As AVN reported earlier this week, the AB5 law, which took effect at the start of this year, forced most employers to apply a stricter test, known as the “ABC Test,” to their freelance hires, to determine if they must be hired as company employees.
As a result, many freelancers found themselves out of work. One employer alone, Vox Media, reportedly fired 200 freelance writers and other workers rather than be forced to hire them on as AB5 would have required.
AB2257 carves out an exception to the law for freelance writers, as well as performers, musicians, translators and workers in several other categories. But according to employment lawyer Richard Reibstein, in his JD Supra analysis, “the new law only tweaks AB5 and is essentially unchanged in any meaningful way for the overwhelming number of companies and freelancers doing business in California.”
The AB5 law was authored by San Diego-area state Assemblymember Lorena Gonzalez, who explained the law as a direct response to a state Supreme Court decision, Dynamex Operations West v. Superior Court of Los Angeles, which ruled that truckers working as “independent contractors” for a shipping company must be reclassified as employees.
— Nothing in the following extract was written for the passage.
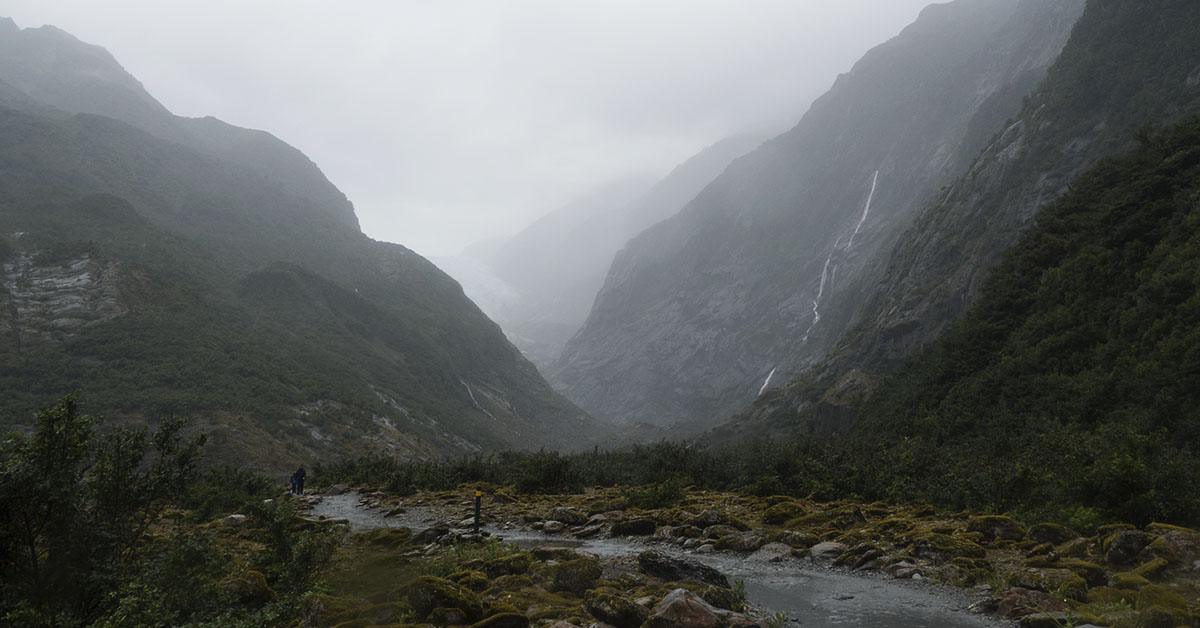 How to Handle Bad Weather While Traveling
“AB5 narrowed the Dynamex decision’s impact; it did not broaden the decision,” Gonzalez claimed, in a response to critics of the law.
But Reibstein, a partner in the law firm Locke Lord LLP, and former attorney with the U.S. Department of Labor and the National Labor Relations Board, says that in reality, AB5 did quite the opposite.
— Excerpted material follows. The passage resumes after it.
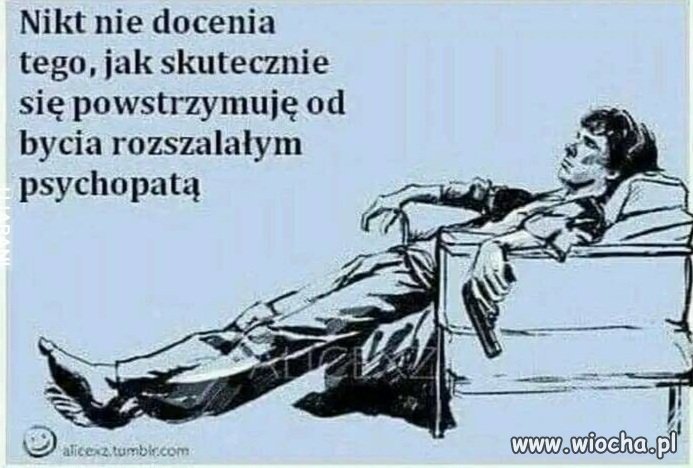 I to należy docenić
“AB5 dramatically expanded upon the application of the 2018 Dynamex decision by the California Supreme Court,” Reibstein wrote. “The decision in Dynamex was limited to so-called ‘wage order’ claims and did not apply across-the-board to all types of independent contractor claims in California including overtime and expense reimbursement claims. AB5 changed all that.”
In addition to 50 industries that were exempted from the strict “ABC Test” by AB5, AB2257 adds 15 more. But Reibstein says those exemptions are arbitrary, creating the impression that the law favors certain types of work — for reasons that remain mysterious.
“There is no rhyme or reason why independent contractors in 65 specific industries are eligible for an exemption from the ABC test, yet contractors engaged in providing services in hundreds of other industries are not,” according to Reibstein. “This type of legislation lends credence to the belief that AB2257 unfairly favors some industries, thereby provoking outrage and a feeling that certain professions, trades, and occupations were unjustifiably overlooked.”
As AVN reported, AB2257 does not mention the adult industry, though it does provide an exemption for “performance artists,” with several conditions — leaving the status of adult performers and other “gig” workers in the industry in a state of confusion.